Words, phrases and maxims - "part-time worker" - Workers Compensation Act 1926, section 9(10)
J.S. Williams, for the applicant
S.M.L. Grant, for the second respondent
Cur adv vult
BURKE J: The applicant, Denise Margaret Taylor, claims workers compensation from the respondent, Allan Vorback, alleging incapacity from 16 August 1981 as a consequence of injuries sustained that day in a motor vehicle accident in the course of her employment. The applicant alleges the respondent is uninsured and claims relief under the Uninsured Liability and Indemnity Scheme.
The respondent alleges the applicant was not a worker within the meaning of the Act and traverses the degree of any incapacity.
It is clear, on the evidence, that Vorback operated an ice-cream vending business using a number of mobile vans.
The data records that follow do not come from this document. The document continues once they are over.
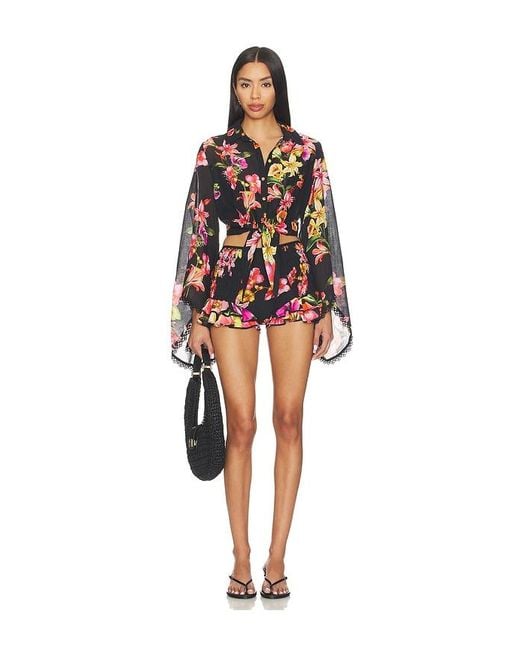 Charo Ruiz Red Lei Blouse
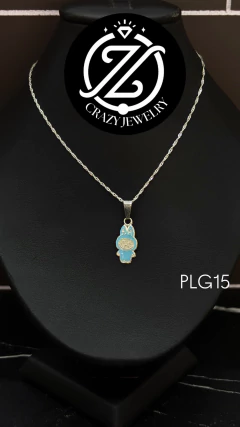 Gargantilla Labubu blue - plata .925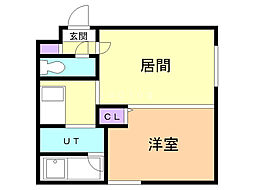 ブランノワール本郷通 1LDKの間取図画像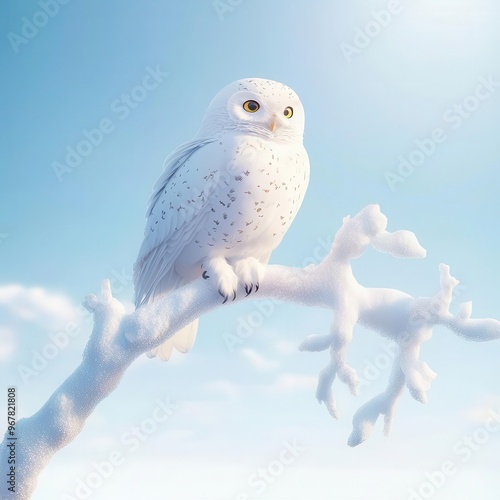 Snowy owl, perched on a frosty branch, 3D illustration, copy space for text, photo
Mr Gearside was regularly employed in the operation of that business. Gearside and Taylor were well acquainted. On occasion Taylor, with one or some of her children, would ride with Gearside in the ice-cream van while the latter was performing his duties of dispensing ice-cream and other commodities around the suburbs. This she did purely as a volunteer without reward. Taylor had thereby acquired some familiarity with Vorback's operation.
On 16 August 1981, in company with her son, Taylor went with Gearside in the ice-cream van. When picking up the van from Vorback's premises there was an obvious problem. A driver of another van had not turned up and the respondent was thereby short a driver. Taylor mentioned she was prepared to drive the other van. Nothing eventuated from that offer and Taylor went with Gearside in the van driven by him. Around 9.30 to 10.30 am, Vorback caught up with the van to restock it. He queried the genuineness of Taylor's earlier offer to drive a van. Both the applicant and Gearside depose that Vorback said words to the effect that it would be worth a day's pay for her to drive the van. The applicant says she accepted that offer.
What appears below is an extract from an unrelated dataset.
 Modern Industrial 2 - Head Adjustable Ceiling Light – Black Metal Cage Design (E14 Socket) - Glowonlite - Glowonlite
Gearside drove the restocked Hi-Ace van back to Vorback's and Taylor set forth in it to sell ice-creams etc. while Gearside was stocking the Kombi van. While proceeding to Macquarie Fields to embark upon this ice-cream selling venture, Taylor was involved in a collision in which she sustained some fairly serious injuries particularly to the left leg.
Gearside had been doing the work for some weeks. It would seem fairly clear the remuneration was related to the value of commodities sold. A regular stocktake of the van was performed to determine sales and the driver received 30 per cent on sales of ice-cream, sweets, soft drinks and the like and 10 per cent on sales of cigarettes. Saturday and Sunday were the best days for sales. Gearside suggests a Sunday operation could gross sales of the order of $300 to $350. The weekdays were fairly slack apart from short periods before and after school hours. Gearside estimates his average weekly income from this source as around $200.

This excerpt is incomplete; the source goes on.